The leadership skill that’s not practised enough: recovery

Do you remember where you were the last time you had a big idea or breakthrough?

Chances are, you weren’t sitting at your desk or in a boardroom. My last big idea came while I was in full vacation mode, sitting poolside.

If you’re a regular reader of my newsletter or a podcast subscriber, you know I’ve talked a lot about recovery over the years. The problem is that most leaders treat rest like a reward instead of a strategy.

But the science is clear: creativity and decision-making improve when the brain gets time to recover. Cognitive performance declines over time, yet recovery can actually enhance performance, those mental breakthroughs and insights that tend to show up when you step away.

Lessons from sport

Let’s move from the boardroom to the playing field.

Elite athletes train recovery as intentionally as they train output. Their recovery is scheduled, for a reason: it improves performance.

The same applies to leaders in organizations. On the last day of a recent vacation to Belize, I was reading a book about the power of great questions and had an idea: why not bring that approach to my social media? Instead of just telling people things, I could invite them to engage with me. Encourage them to share, just like I do in my coaching practice.

That idea didn’t happen by accident.

The “Default Mode Network” discovery

In the early 2000s, neuroscientist Marcus Raichle and colleagues discovered something surprising. When people weren’t focused on a task, when resting, daydreaming, or letting their minds wander, a specific network in the brain became more active, not less.

They called it the Default Mode Network.

This network is associated with:

  • imagination

  • insight

  • reflection

  • connecting ideas across memory

Research shows that creative thinking is linked to stronger activity in this network during periods of rest.

In other words, your brain often does some of its most valuable work when you stop consciously working. It’s no wonder so many good ideas happen in the shower.

Breaks improve performance

And yet, I still hear about three-hour board meetings and back-to-back schedules worn like badges of honour.

Research tells a different story. Studies show that rest breaks are linked to:

  • a 5% increase in productivity

  • an 8% improvement in work quality

Even though time is taken away from work, output actually improves.

 

Cognitive performance declines without breaks

Over time, without breaks, cognitive performance drops and accuracy declines. It doesn’t matter how smart or driven you are, diminishing returns apply.

If accuracy matters in your work, pushing through without rest is a poor strategy.

Want to improve performance? Take a break.

Breaks reduce fatigue and increase energy

Research on workplace micro-breaks shows they:

  • reduce fatigue

  • increase energy and well-being

  • improve mood and resilience

It’s easy to think, “How much difference can one break really make?”

But over time, the impact compounds. Take three short breaks a day, every day, over weeks and months, and you build real resilience and sustained performance.

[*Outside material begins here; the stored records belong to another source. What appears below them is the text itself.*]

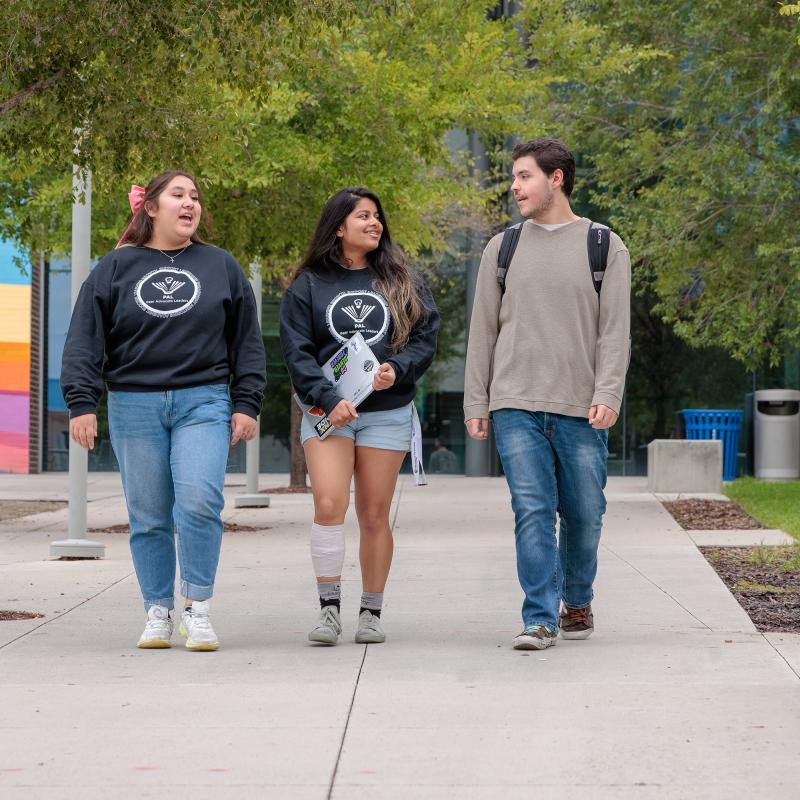 Three CU Denver students walking on campus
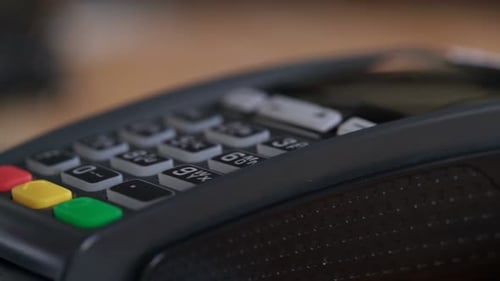 Close up of a person using a bank card for payment at a shop checkout terminal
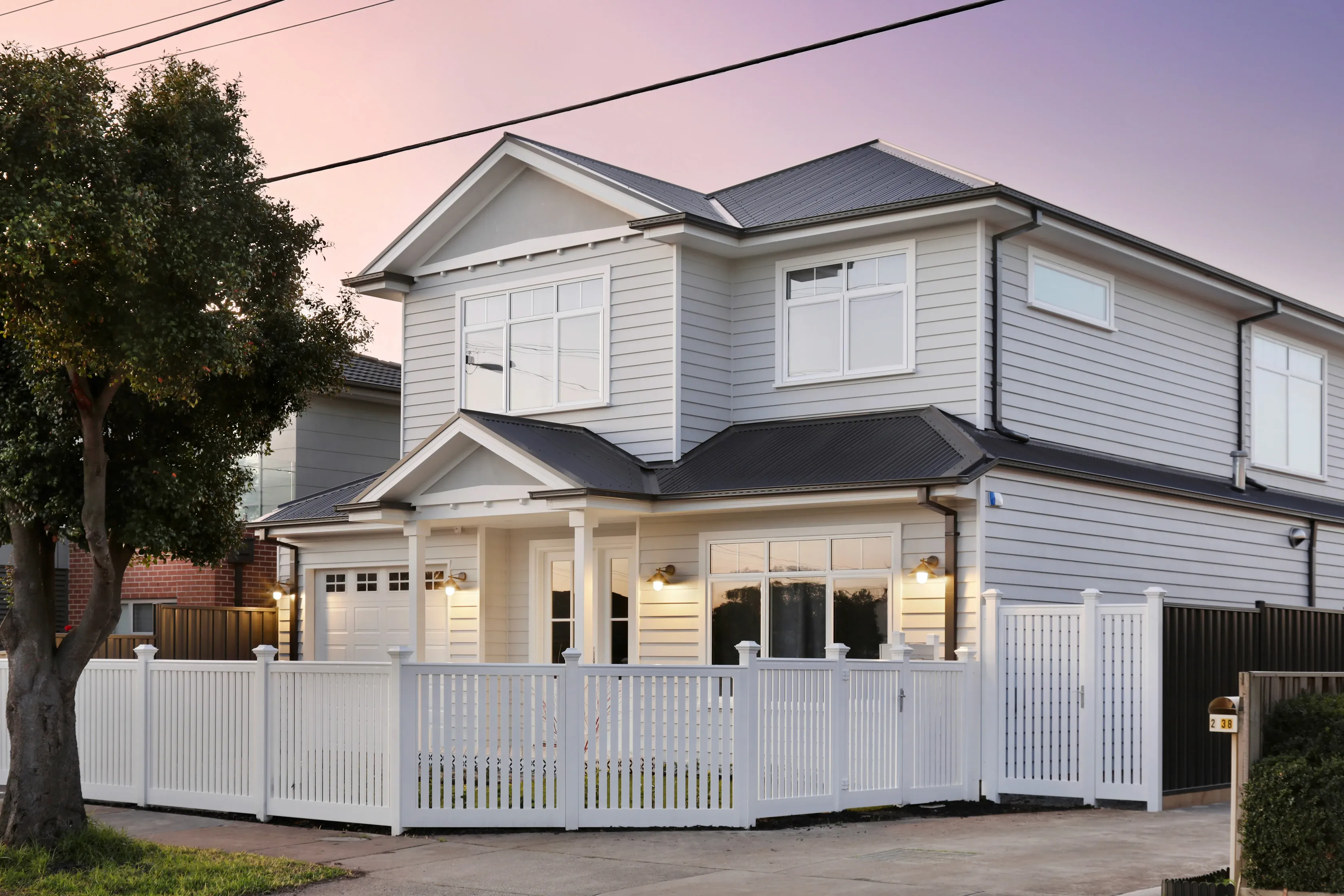 Front of the Lalor Residence at dusk, a two-storey pale weatherboard Hamptons home with a gabled entry portico, dark tiled roof, carriage lights, a white picket fence and gate beside a tree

It’s like going to the gym. One workout won’t change much. But show up three or four times a week for a few months, and the results become obvious.

Breaking your overwork habits

If you’re not used to building recovery into your day, here are three simple ways to start:

  • Schedule micro-breaks (10 minutes, no phone or email)

  • Protect an evening shutdown ritual (a consistent routine to close your workday and transition into rest)

  • Add a weekly deep recovery block (at least half a day focused on recovery, not productivity)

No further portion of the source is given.